Nicholas is sometimes compared with his half-crazy great-great-grandfather Paul, who was strangled by a camarilla acting in  agreement with his own son, Alexander “the Blessed.” These two Romanovs were actually alike in their distrust of  everybody due to a distrust of themselves, their touchiness as of omnipotent nobodies, their feeling of abnegation, their  consciousness, as you might say, of being crowned pariahs. But Paul was incomparably more colourful; there was an element of  fancy in his rantings, however irresponsible. In his descendant everything was dim; there was not one sharp trait.
Nicholas was not only unstable, but treacherous. Flatterers called him a charmer, bewitcher, because of his gentle way with  the courtiers. But the tzar reserved his special caresses for just those officials whom he had decided to dismiss. Charmed beyond  measure at a reception, the minister would go home and find a letter requesting his resignation. That was a kind of revenge on  the tzar’s part for his own nonentity.
Nicholas recoiled in hostility before everything gifted and significant. He felt at ease only among completely mediocre and  brainless people, saintly fakers, holy men, to whom he did not have to look up. He had his amour propre, indeed it was  rather keen. But it was not active, not possessed of a grain of initiative, enviously defensive. He selected his ministers on a  principle of continual deterioration. Men of brain and character he summoned only in extreme situations when there was no other  way out, just as we call in a surgeon to save our lives. It was so with Witte, and afterwards with Stolypin. The tzar treated  both with ill-concealed hostility. As soon as the crisis had passed, he hastened to part with these counsellors who were too tall  for him. This selection operated so systematically that the president of the last Duma, Rodzianko, on the 7th of January 1917, with the revolution already knocking at the doors, ventured to say to the tzar: “Your  Majesty, there is not one reliable or honest man left around you; all the best men have been removed or have retired. There  remain only those of ill repute.”

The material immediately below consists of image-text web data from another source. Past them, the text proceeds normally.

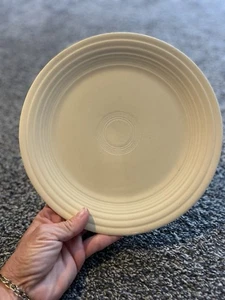 Vintage Fiesta Ware Dinner Plate Beige 9 1/2" Diameter - Picture 1 of 10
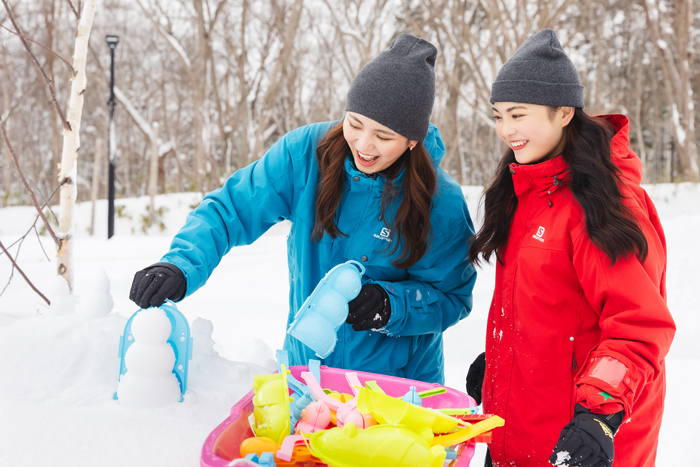 雪だるまづくりの様子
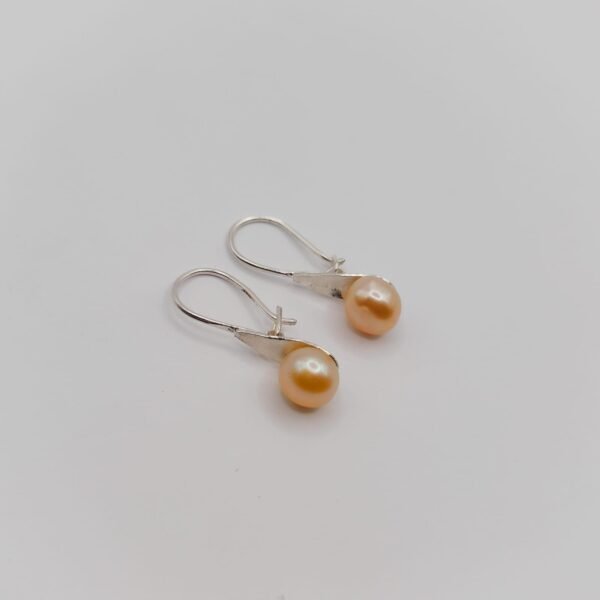 Earrings| 22 k silver & pearl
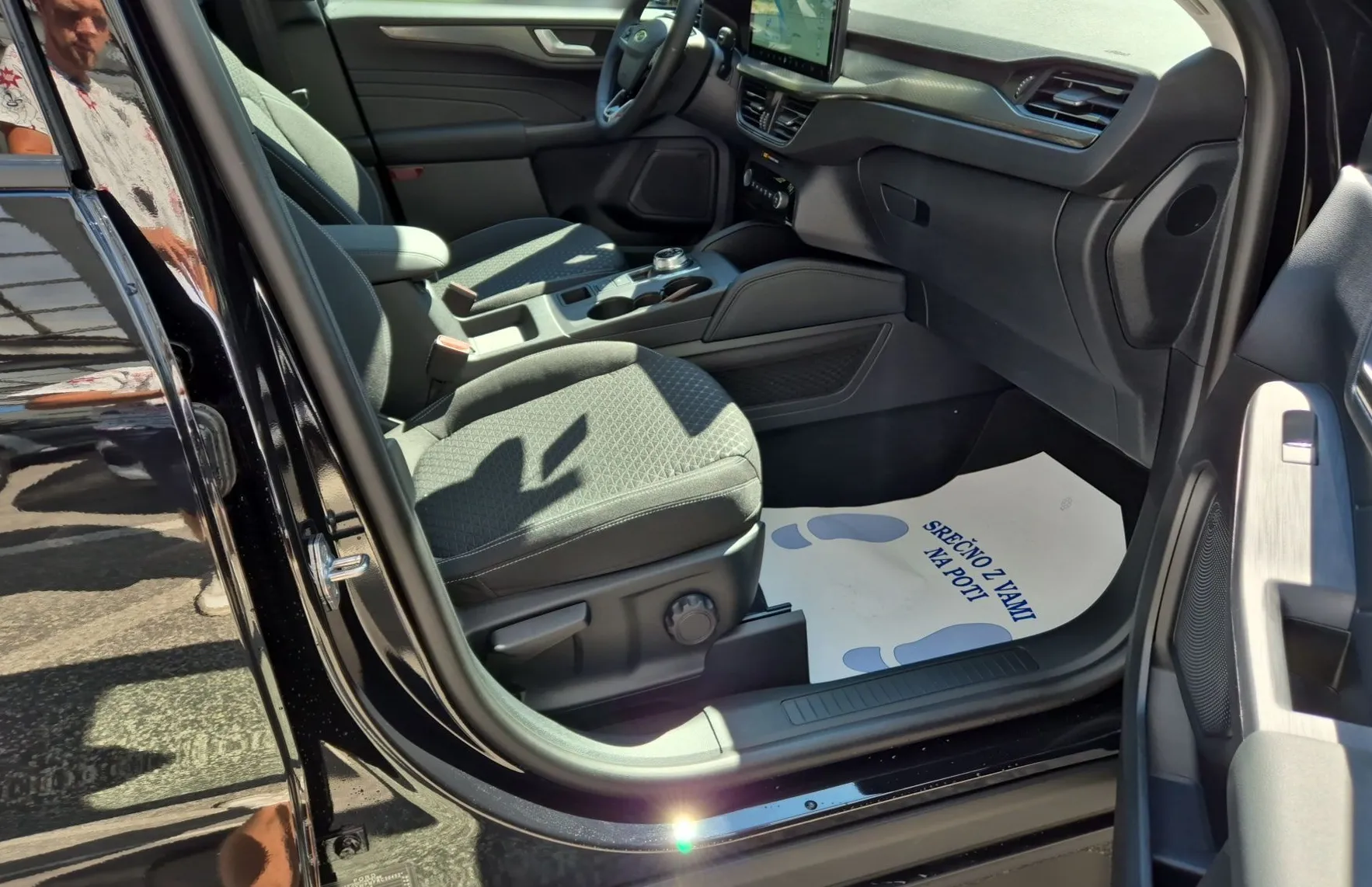 Zunanja slika - Ford Kuga - Titanium 1.5 EcoBoost 186KM A8 - 16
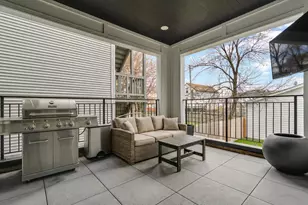 2030 N Spaulding Ave, Chicago, IL 60647 - Photo 12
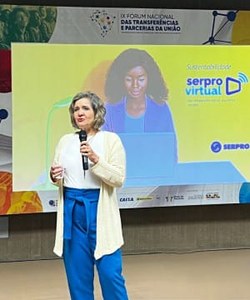 Zilma Queiroz, representando a gestão do produto Serpro Virtual durante o IX FNTU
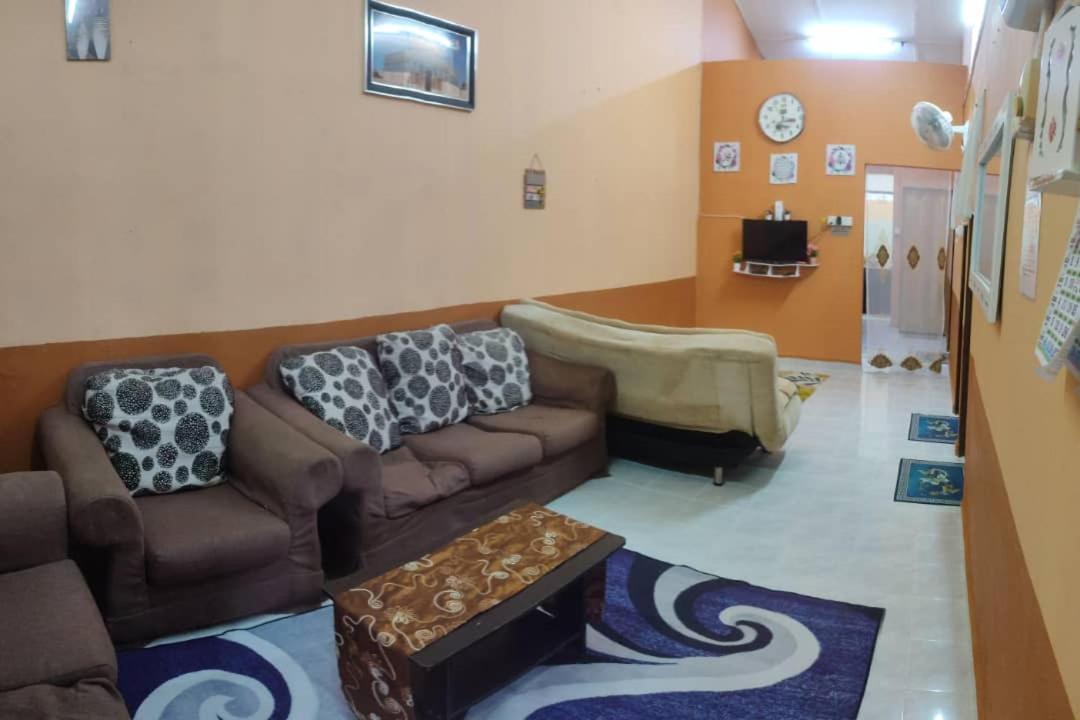 Ns Homestay Private Pool Танах-Мерах Экстерьер фото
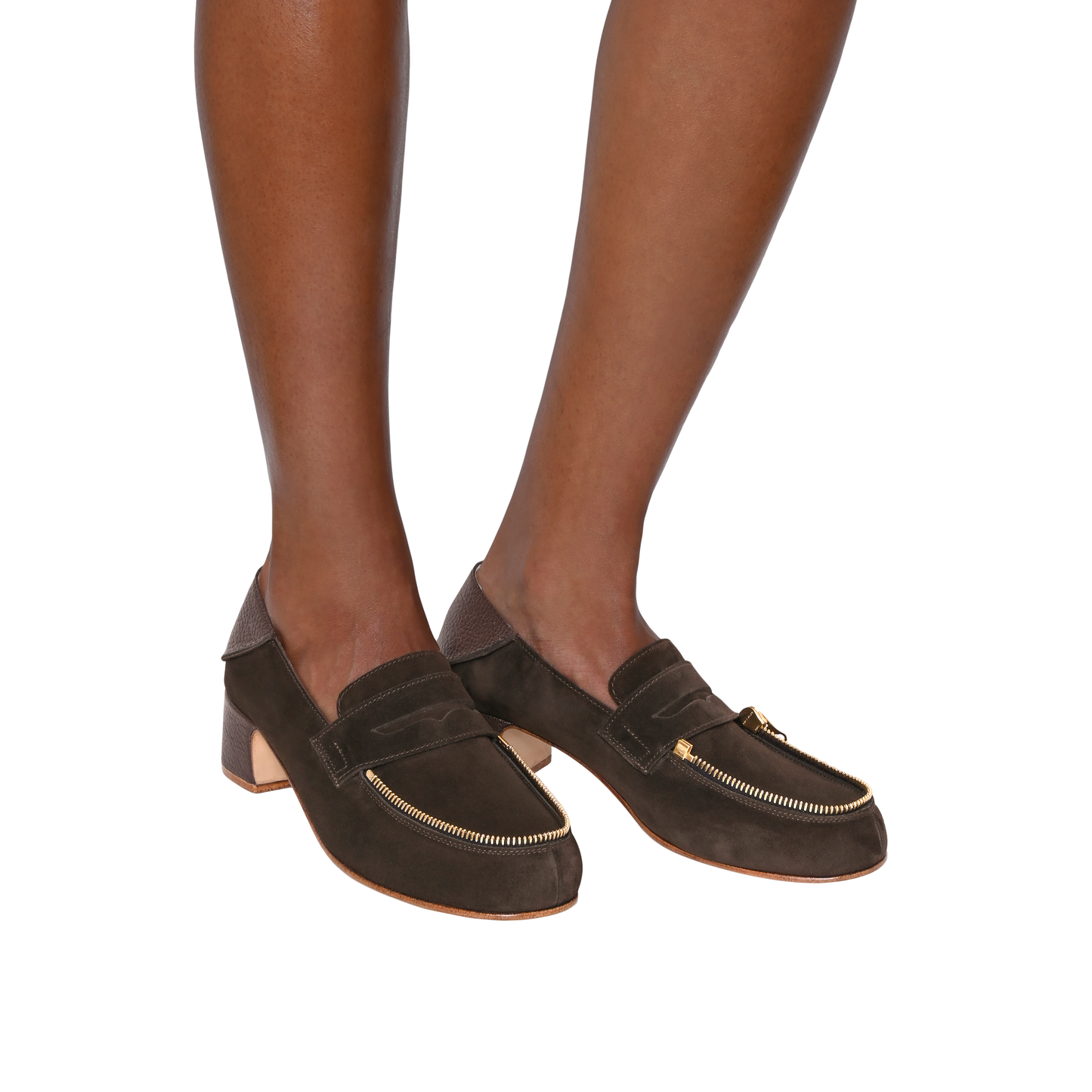 Uplifted babouche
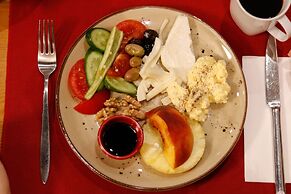 No11 Hotel & Apartments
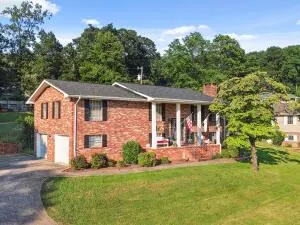 2124 Colonial Parkway Drive, Chattanooga, TN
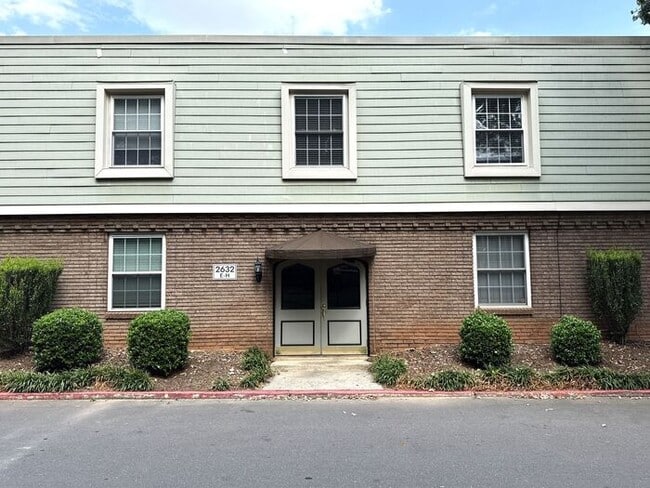 Building Photo - T.R. Lawing Realty Property Rental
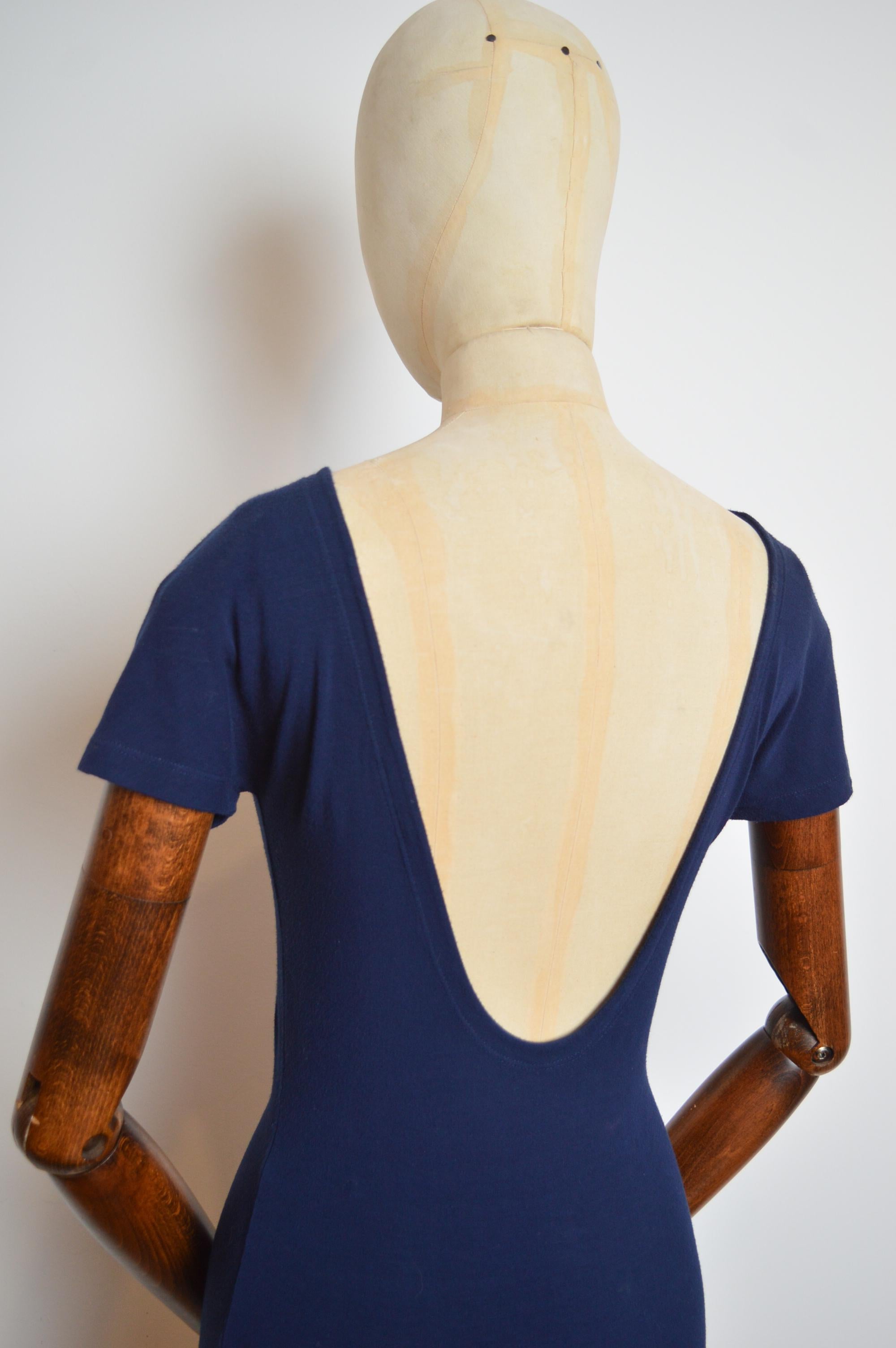 VERSACE Gold Sun Embroidered Logo 1990's Marineblau Figurbetontes rückenfreies Kleid im Angebot 4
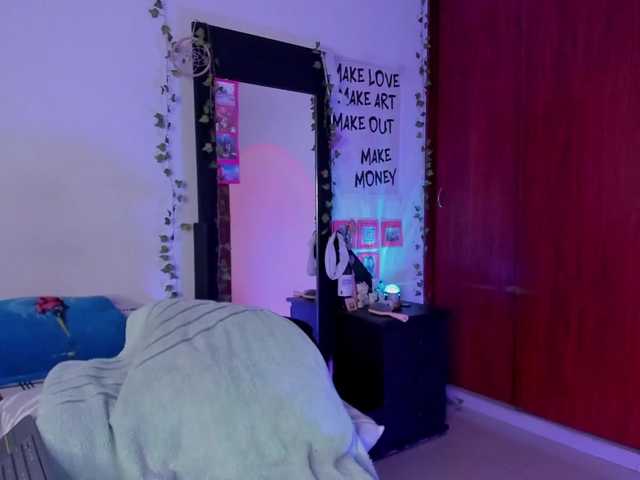 littlekayla's BongaCams show and profile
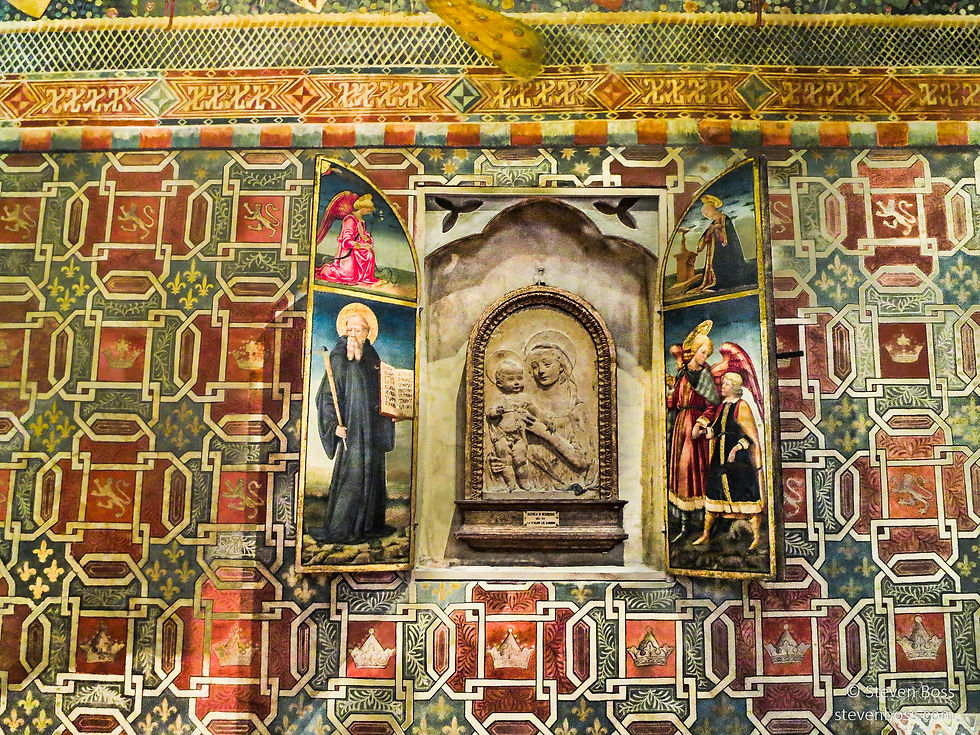 Palazzo Davanzati - Sala dei Pavoni (Hall of the Peacocks) - opened devotional, Firenze, Italy
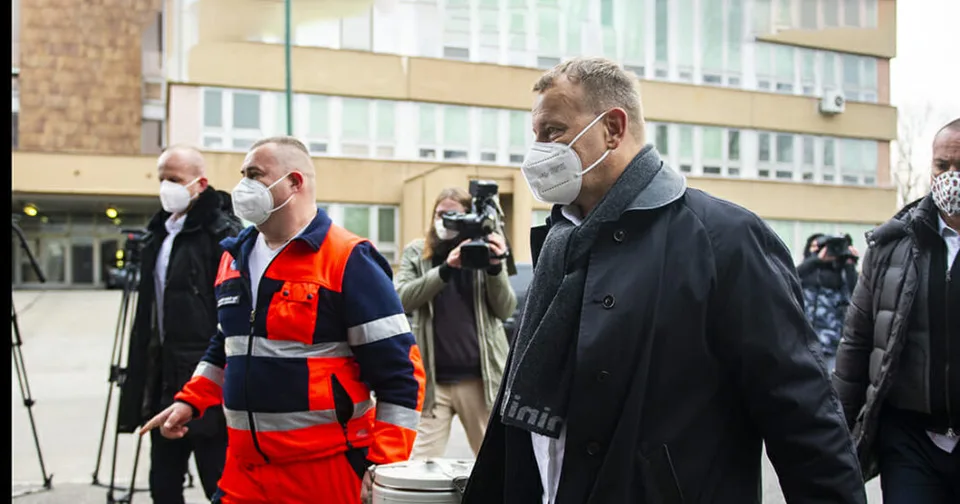 Read more about the article Kollár sa svojsky poďakoval záchranárom. Priniesol kapustnicu a prisľúbil im viac peňazí!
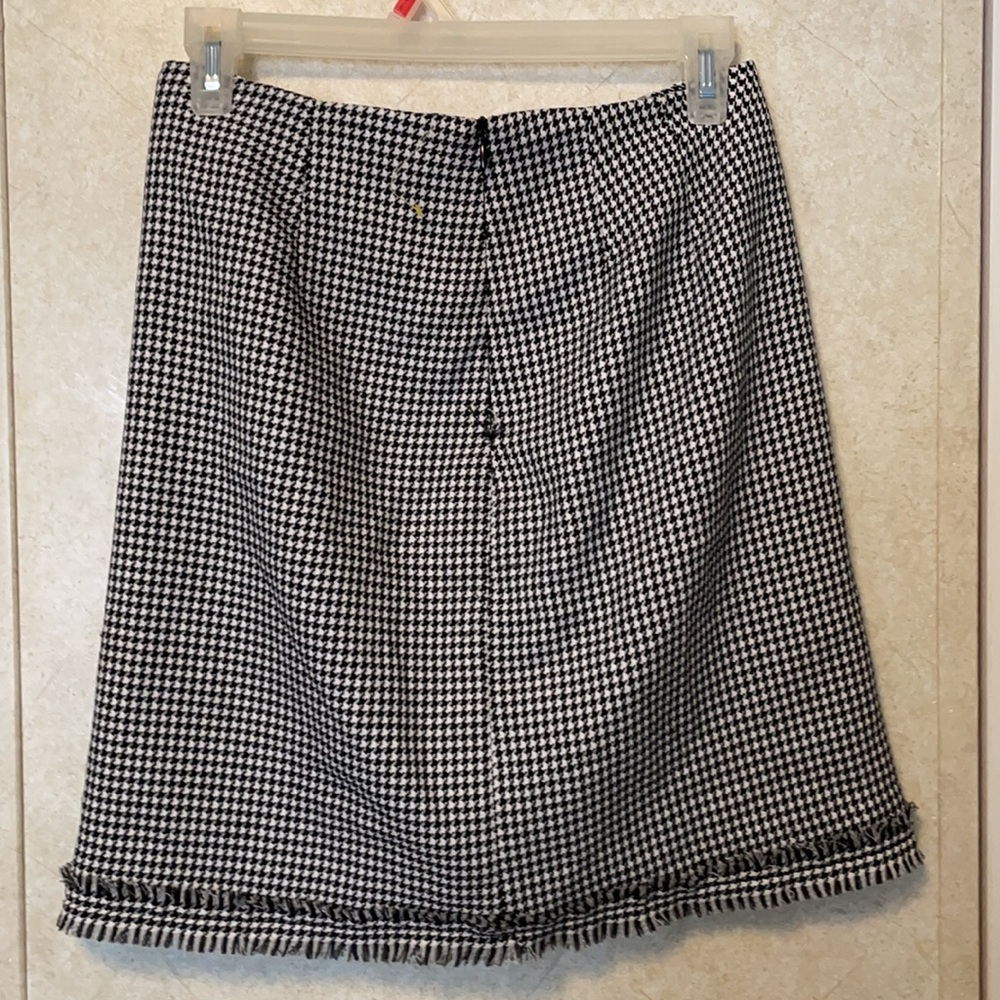 Cute skirt - Size 4 - NWOT - Picture 2 of 2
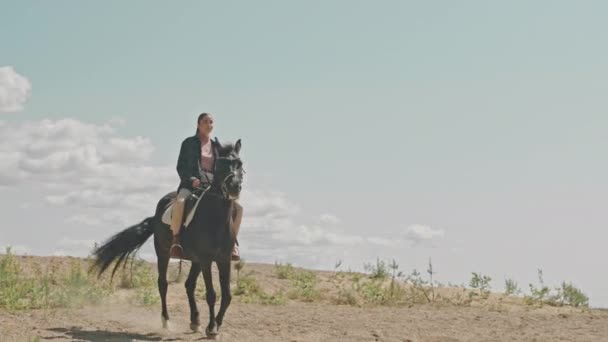 Szerokie Ujęcie Młodej Kobiety Jeżdżącej Koniu Prerii Słoneczny Letni Dzień — Wideo stockowe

All the efforts of the liberal bourgeoisie to find a common language with the court came to nothing. The tireless and noisy  Rodzianko tried to shake up the tzar with his reports, but in vain. The latter gave no answer either to argument or to impudence,  but quietly made ready to dissolve the Duma. Grand Duke Dmitri, a former favourite of the tzar, and future accomplice in the  murder of Rasputin, complained to his colleague, Prince Yussupov, that the tzar at headquarters was becoming every day more  indifferent to everything around him. In Dmitri’s opinion the tzar was being fed some kind of dope which had a benumbing  action upon his spiritual faculties. “Rumours went round,” writes the liberal historian Miliukov, “that this  condition of mental and moral apathy was sustained in the tzar by an increased use of alcohol.” This was all fancy or  exaggeration. The tzar had no need of narcotics: the fatal “dope” was in his blood. Its symptoms merely seemed  especially striking on the background of those great events of war and domestic crisis which led up to the revolution. Rasputin,  who was a psychologist, said briefly of the tzar that he “lacked insides.”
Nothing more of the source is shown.